← posts

building a document search engine in go

may 2026 · 8 min read · go · search · bleve

godochive started as a small itch. i had a folder full of documents — notes, pdfs flattened to text, scraps of documentation — and no good way to search across all of them. grep got me part of the way, but i wanted ranking, highlighting, and something that would not fall over at forty thousand files.

i reached for bleve, the full-text search library for go. it does the unglamorous work — tokenizing, building an inverted index, scoring results — and leaves the interesting decisions to you. this post is about the decisions that actually mattered.

mappings are the whole game

the default mapping indexes every field the same way. that is fine until it is not. a title should be weighted differently from a body; a tag is a keyword, not prose; a date should be searchable as a date, not a string. bleve lets you describe all of this up front with a document mapping.

go
indexMapping := bleve.NewIndexMapping()

doc := bleve.NewDocumentMapping()
doc.AddFieldMappingsAt("title", titleField)
doc.AddFieldMappingsAt("body", bodyField)
doc.AddFieldMappingsAt("tags", keywordField)

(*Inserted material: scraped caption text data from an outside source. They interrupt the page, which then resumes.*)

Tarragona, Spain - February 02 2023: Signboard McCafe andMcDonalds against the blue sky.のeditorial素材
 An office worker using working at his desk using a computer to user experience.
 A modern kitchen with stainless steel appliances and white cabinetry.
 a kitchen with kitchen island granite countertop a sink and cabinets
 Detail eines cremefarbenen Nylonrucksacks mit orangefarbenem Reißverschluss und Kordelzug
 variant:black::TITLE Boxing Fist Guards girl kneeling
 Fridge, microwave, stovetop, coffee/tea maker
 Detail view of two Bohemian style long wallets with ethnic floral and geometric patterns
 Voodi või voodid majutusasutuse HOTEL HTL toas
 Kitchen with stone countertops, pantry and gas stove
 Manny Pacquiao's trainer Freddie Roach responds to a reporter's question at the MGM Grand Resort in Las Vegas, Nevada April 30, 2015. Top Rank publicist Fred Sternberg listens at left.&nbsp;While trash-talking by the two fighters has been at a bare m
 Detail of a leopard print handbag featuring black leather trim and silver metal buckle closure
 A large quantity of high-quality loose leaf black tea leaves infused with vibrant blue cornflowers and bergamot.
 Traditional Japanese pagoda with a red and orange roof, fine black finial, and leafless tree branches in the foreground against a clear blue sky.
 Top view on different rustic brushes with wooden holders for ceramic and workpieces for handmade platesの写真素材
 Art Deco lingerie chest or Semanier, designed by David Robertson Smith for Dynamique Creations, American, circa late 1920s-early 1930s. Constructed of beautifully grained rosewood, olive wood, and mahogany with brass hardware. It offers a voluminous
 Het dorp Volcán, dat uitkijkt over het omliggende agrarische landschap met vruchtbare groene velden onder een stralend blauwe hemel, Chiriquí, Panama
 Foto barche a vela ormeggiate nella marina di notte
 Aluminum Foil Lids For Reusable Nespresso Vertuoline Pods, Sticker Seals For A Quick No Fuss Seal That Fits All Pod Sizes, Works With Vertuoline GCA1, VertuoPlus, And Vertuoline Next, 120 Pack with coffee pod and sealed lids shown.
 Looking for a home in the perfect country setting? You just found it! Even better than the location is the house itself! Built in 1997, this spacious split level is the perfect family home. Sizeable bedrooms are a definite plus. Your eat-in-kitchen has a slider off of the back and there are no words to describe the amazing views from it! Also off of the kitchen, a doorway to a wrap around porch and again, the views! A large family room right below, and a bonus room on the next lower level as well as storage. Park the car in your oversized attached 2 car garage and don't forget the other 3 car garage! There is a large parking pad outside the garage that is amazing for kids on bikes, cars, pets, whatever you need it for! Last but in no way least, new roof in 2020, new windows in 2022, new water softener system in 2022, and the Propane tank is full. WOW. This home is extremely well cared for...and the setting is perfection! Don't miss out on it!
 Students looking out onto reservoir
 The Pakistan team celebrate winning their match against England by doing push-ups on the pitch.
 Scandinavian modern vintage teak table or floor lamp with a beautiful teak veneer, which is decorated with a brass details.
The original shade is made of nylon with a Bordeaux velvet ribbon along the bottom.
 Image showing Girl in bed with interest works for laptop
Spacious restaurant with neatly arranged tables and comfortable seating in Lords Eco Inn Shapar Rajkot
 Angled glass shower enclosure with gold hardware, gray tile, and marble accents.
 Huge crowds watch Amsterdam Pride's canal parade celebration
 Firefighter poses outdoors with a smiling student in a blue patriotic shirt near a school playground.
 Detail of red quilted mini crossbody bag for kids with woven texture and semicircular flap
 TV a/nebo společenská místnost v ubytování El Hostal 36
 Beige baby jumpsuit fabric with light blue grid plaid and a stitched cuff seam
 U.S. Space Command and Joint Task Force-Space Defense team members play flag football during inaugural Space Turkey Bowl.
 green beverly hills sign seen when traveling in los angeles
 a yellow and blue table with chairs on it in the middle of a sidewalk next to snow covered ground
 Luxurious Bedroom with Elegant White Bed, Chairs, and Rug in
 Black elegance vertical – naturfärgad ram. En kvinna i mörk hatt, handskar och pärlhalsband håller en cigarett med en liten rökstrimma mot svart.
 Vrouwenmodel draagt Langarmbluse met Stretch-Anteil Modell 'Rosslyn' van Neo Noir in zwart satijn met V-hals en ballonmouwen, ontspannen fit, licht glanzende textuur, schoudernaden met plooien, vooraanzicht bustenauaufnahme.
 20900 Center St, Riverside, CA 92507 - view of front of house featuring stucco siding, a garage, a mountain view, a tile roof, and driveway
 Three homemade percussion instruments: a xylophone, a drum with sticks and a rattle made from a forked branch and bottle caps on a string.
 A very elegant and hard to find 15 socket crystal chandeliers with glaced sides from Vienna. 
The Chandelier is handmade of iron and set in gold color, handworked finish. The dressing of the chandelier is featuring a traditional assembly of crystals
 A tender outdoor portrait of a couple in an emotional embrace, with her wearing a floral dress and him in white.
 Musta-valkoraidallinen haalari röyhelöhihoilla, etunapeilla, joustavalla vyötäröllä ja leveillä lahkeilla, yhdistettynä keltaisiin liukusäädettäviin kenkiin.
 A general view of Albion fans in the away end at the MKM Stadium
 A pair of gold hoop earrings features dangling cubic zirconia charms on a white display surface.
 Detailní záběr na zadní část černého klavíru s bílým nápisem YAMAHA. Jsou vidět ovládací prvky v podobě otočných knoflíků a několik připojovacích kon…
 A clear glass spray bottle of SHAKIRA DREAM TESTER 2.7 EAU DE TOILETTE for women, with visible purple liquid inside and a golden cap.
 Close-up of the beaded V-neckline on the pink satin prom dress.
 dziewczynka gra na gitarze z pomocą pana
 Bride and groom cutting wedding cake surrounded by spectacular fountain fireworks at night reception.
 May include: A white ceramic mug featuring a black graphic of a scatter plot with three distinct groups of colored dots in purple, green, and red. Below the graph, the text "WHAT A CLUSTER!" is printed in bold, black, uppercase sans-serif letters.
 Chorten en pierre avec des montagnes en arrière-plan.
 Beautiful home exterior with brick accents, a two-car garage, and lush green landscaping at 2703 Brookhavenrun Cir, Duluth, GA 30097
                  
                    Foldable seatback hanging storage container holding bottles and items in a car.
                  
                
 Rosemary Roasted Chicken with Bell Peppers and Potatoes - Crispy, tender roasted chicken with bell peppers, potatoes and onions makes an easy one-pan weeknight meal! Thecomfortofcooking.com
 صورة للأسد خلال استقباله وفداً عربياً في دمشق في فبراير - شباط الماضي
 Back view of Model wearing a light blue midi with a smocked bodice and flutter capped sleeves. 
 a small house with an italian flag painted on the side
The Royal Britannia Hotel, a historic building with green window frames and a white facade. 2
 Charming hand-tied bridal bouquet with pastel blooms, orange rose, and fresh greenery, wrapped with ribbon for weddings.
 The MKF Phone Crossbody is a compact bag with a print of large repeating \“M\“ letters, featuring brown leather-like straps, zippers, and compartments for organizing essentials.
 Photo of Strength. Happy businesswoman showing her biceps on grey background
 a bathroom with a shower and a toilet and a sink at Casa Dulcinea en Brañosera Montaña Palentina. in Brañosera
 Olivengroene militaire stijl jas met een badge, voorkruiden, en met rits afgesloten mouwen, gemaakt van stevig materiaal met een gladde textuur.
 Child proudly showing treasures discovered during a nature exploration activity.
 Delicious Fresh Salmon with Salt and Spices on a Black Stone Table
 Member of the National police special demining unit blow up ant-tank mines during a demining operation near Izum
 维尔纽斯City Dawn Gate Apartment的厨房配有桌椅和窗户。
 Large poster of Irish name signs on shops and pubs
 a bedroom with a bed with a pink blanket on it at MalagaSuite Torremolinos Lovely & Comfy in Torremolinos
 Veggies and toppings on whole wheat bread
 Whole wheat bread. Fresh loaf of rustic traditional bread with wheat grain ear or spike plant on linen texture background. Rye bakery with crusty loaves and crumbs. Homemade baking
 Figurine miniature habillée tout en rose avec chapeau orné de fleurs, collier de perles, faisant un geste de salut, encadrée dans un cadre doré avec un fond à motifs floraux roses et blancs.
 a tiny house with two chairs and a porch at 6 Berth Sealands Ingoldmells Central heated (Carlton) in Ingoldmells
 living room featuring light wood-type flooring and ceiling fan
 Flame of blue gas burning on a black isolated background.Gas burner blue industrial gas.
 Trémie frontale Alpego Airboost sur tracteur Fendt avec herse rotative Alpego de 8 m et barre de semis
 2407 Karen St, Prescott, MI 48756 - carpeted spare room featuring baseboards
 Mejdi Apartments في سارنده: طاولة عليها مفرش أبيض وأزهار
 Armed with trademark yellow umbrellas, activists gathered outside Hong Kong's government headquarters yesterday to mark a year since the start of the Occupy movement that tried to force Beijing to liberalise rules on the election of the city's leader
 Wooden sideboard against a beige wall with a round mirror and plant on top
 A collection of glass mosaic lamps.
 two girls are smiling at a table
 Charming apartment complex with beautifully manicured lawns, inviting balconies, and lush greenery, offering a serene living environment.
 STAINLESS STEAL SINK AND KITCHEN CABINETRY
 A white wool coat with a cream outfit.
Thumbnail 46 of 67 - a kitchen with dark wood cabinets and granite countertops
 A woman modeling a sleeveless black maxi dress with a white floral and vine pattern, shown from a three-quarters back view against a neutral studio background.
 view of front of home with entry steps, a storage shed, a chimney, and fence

indexMapping.AddDocumentMapping("doc", doc)

once the mapping reflected what the documents actually were, relevance stopped feeling random. the right results moved to the top and stayed there.

batch your writes or wait forever

indexing one document at a time is the obvious first version and the slowest possible one — every call flushes to disk. the fix is batching: accumulate a few hundred documents, commit them in one transaction, repeat.

go
batch := index.NewBatch()
for i, d := range docs {
    batch.Index(d.ID, d)
    if i%500 == 0 {
        index.Batch(batch)
        batch.Reset()
    }
}
index.Batch(batch) // flush the remainder

that one change took a full reindex from minutes to seconds. the trailing flush is easy to forget — and the bug is silent, because everything works except the last few hundred documents simply are not there.

the bugs that only show up at scale

  • memory crept up during large reindexes until i reused a single batch instead of allocating one per loop.
  • highlighting broke on documents with unusual unicode — the byte offsets and the rune offsets disagreed.
  • a handful of enormous files dominated every result set until i capped how much any single document could contribute.

none of these were visible on ten documents. all of them were obvious on forty thousand. the lesson i keep relearning: scale does not introduce new bugs so much as it stops hiding the ones you already wrote.